Por supuesto, en cuanto recuperé la vertical me volví hacia él para deshacerme en disculpas, pero, ante mi sorpresa (no habían transcurrido ni veinte segundos), en el rostro de Mr. C no había rastro de contrariedad. Sonreía como si nada.

—Bravo, muchacho, todo un ejercicio de contorsionismo —me felicitó—. Y no te preocupes. Vete tranquilo a ver a tu madre, yo recogeré el bastón.

—De ninguna manera, ahora mismo se lo alcanzo —dije.

—No, yo lo cogeré —le oí insistir mientras me zambullía bajo el sillón con ánimo de recuperarlo. Tarea nada fácil, por cierto, puesto que el mueble tenía patas tan cortas que mi brazo apenas cabía y no alcanzaba a cogerlo—. ¡Te he dicho que lo dejes! —repitió él y yo confundí tanta protesta con pura cortesía. Además, para entonces había rodeado el sofá con intención de recuperarlo por la parte de atrás. Idea acertada porque, en efecto, allí asomaba la cabeza de perro labrada en plata de su empuñadura.

Fue al tirar de ella cuando el pomo se separó del bastón dejando al descubierto una larga y afiladísima hoja de acero. Jamás había visto un artilugio parecido, y aproveché que me encontraba parapetado tras el sofá para observarlo mejor. Su lama era fina y oscura y llevaba tres letras grabadas en oro: SIS.

Por supuesto no se me ocurrió preguntar qué era aquello. Sin decir palabra introduje el estoque en su vaina de madera y, tras emerger de detrás del sofá, se lo devolví a su dueño con un inocente: «Aquí está, señor».

Él, en vez de agradecérmelo, hizo que su monóculo lanzase un centellante reflejo sobre mi cara y luego dijo con la más suav de sus sonrisas:

Curiosity killed the cat, my boy, «la curiosidad mató al gato».

No fue esa mi única experiencia con el señor Cummings y los objetos punzantes aquella velada.
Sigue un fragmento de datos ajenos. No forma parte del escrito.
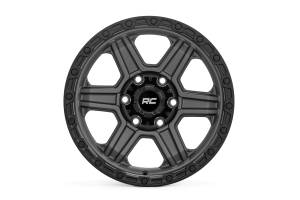 Rough Country - 79170912G | Rough Country 79 Series Wheel | One-Piece / Gunmetal Gray With Black Ring / 17x8.5 / 6x5.5 / 0mm - Image 2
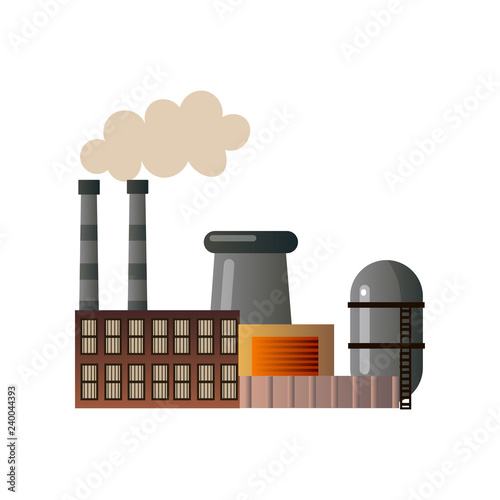 The building of an industrial manufactory. Plant for processing raw materials.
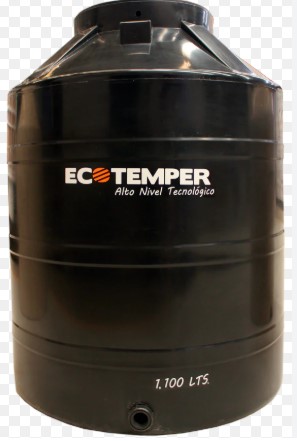 Tinaco 1100 lts Negro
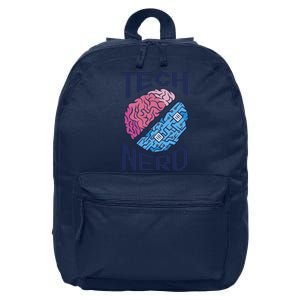 Tech Nerd Brain 16 in Basic Backpack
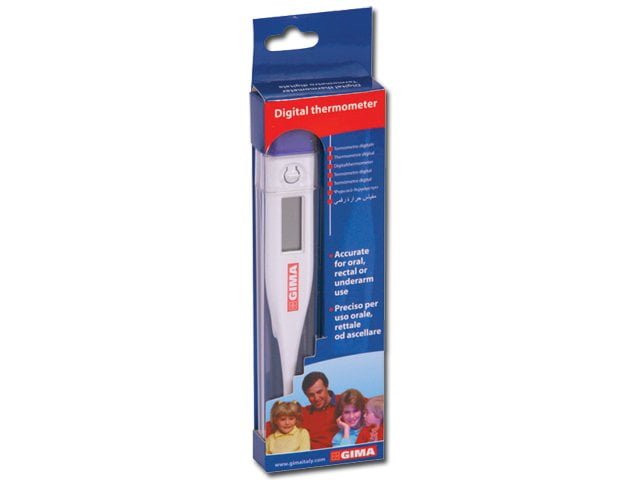 GIMA DIGITAL THERMOMETER °C - hang box - GB,FR,IT,ES,PT,DE,GR,Arabic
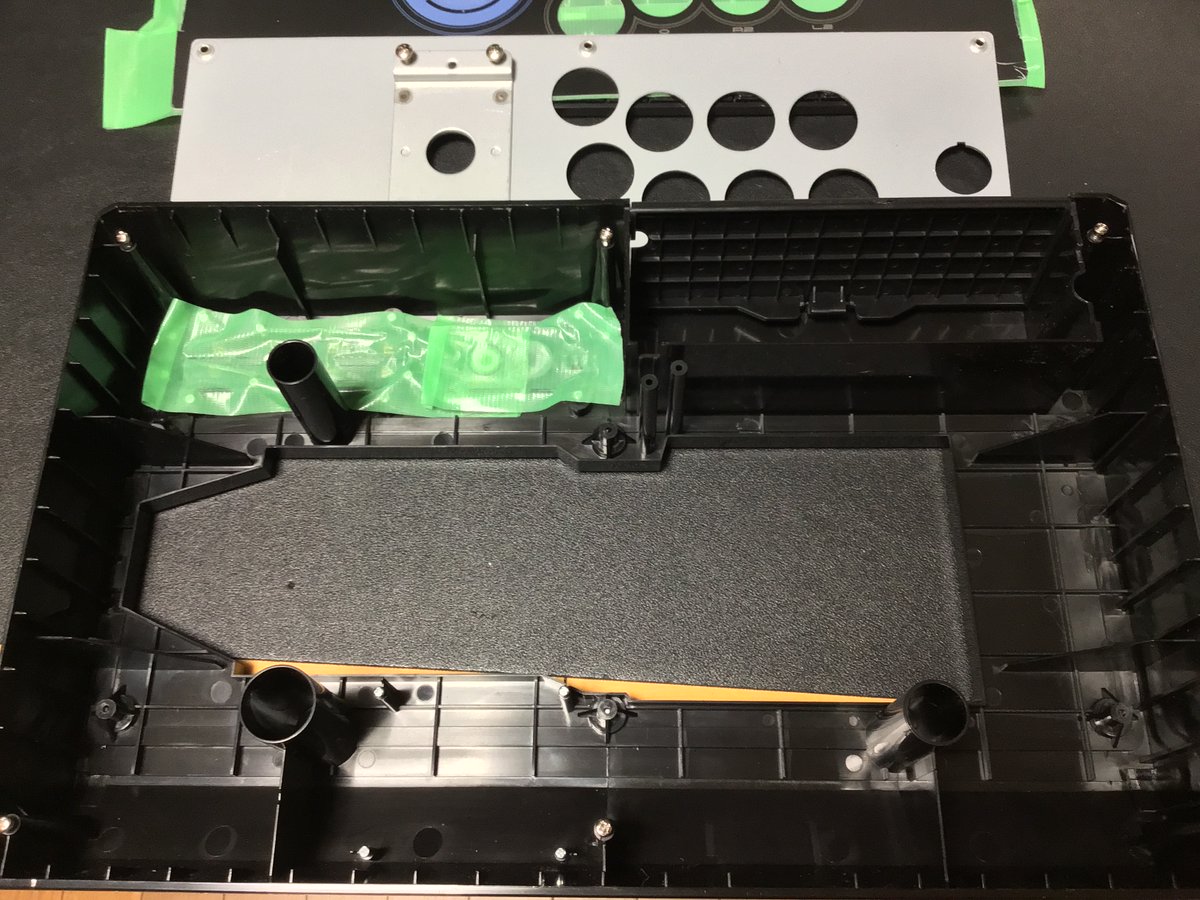 HORI アーケードスティックRAP3 V3SAの改造､レバーレス化(自作HITBOX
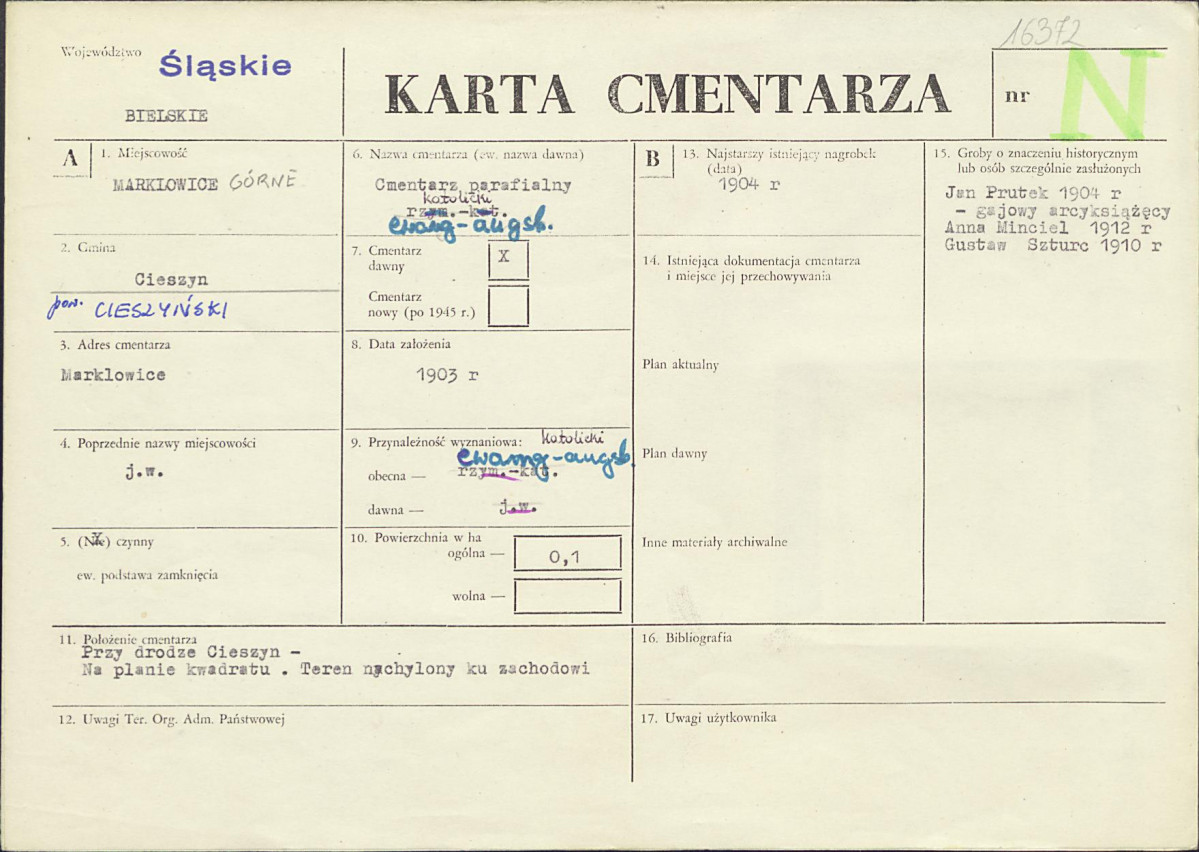 Karta cmentarza, skan nr 1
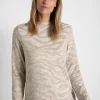 MORE & MORE Sweatshirt mit Animal-Struktur, Herbst-Kollektion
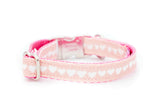 Hearts on Pale Pink Collar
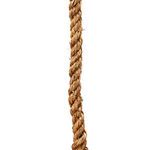 Close-up of thick braided cord suspension with natural fiber texture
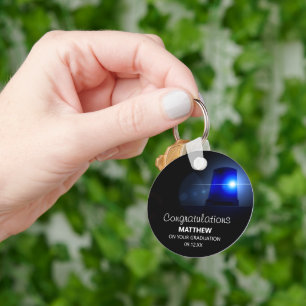 警察官おめでとう キーホルダー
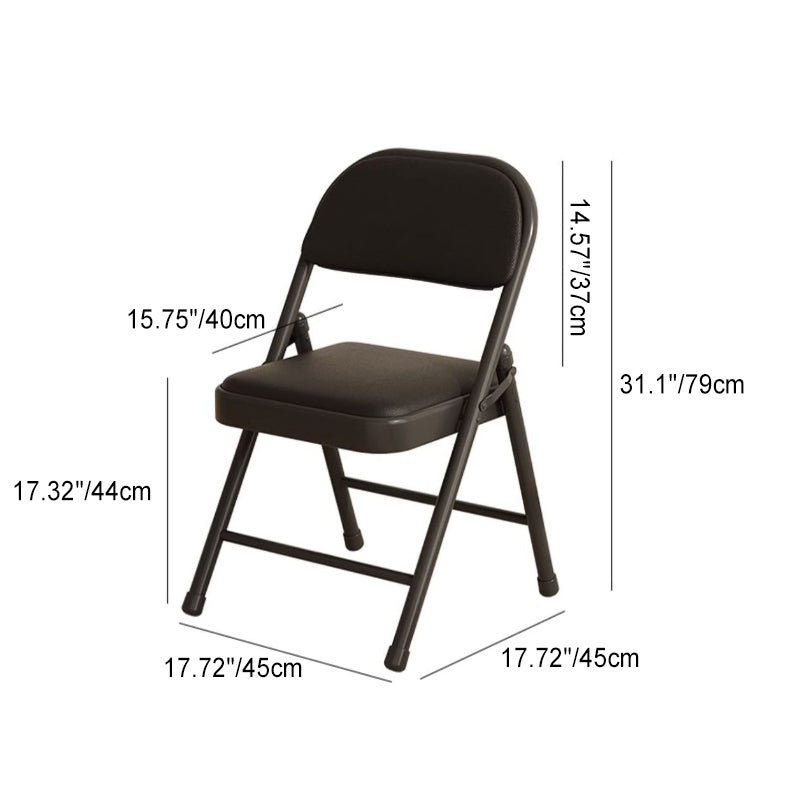 Silla de comedor plegable con respaldo cuadrado de acero inoxidable de simplicidad moderna para comedor 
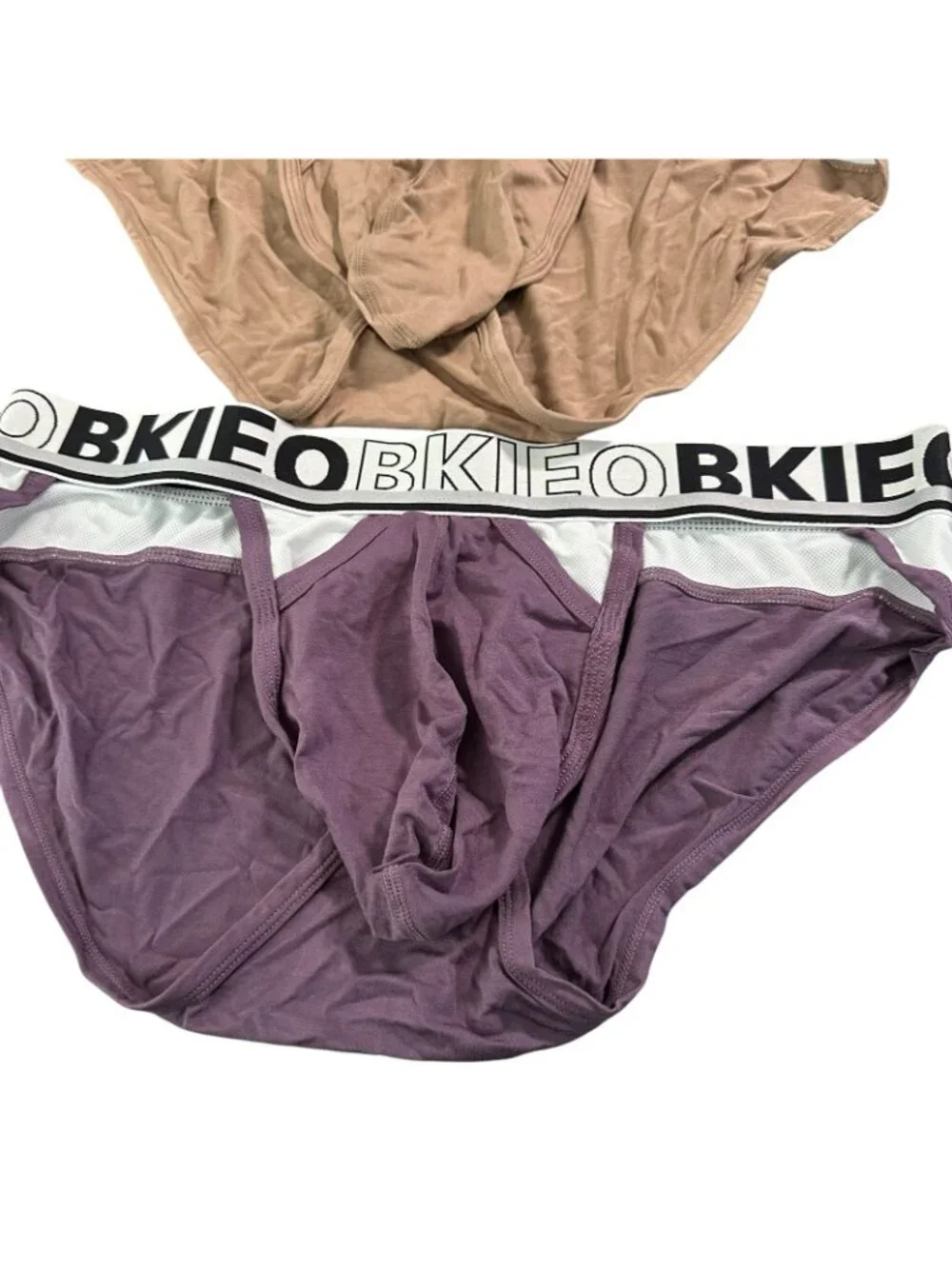 Bekieo Menswear Brief Nearly Nude Pale Large Modal Soft underwear 34-38 Minimal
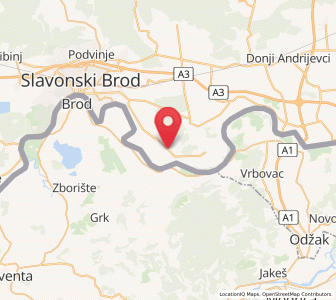 Map of Klakar, Brod-Posavina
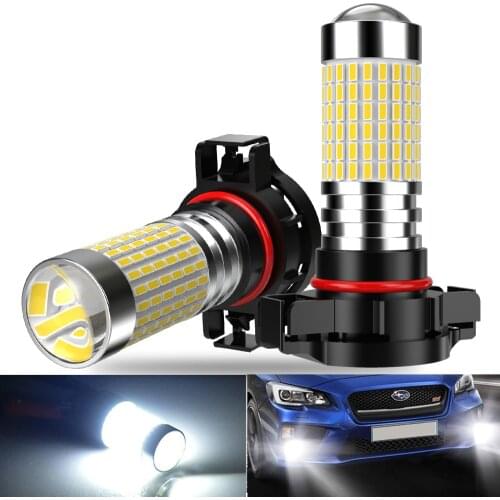 2X PSX24W H11 H8 H9 9005 HB3 LED Car Fog Light Bulb for Chevrolet Niva Cruze Lacetti Aveo Cobalt Captiva Orlando Spark Lanos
Un par de minutos más tarde, cuando los tres habíamos vuelto a nuestros asientos, retomó ese tic suyo de picotear con el limpiador de pipas la superficie de su tabaquera mientras hablaba amigablemente una vez más de esto y aquello, hasta que, de pronto, erró el tiro y la afilada punta de aquel artilugio de acero se le enterró lo menos un par de centímetros en la pierna, a la altura del muslo. Lo juro, así fue.

«¡Zambomba!», pensé, abriendo los ojos como platos y miré a mi tía para comprobar si había visto lo mismo que yo. Pero ella acababa de inclinarse para coger un pastelillo. Cuando volvió a arrellanarse en el sofá, el limpiapipas de Mr. C picoteaba una vez más la superficie de la tabaquera como si tal cosa.

En cuanto a nuestro huésped, nada alteró su suav sonrisa.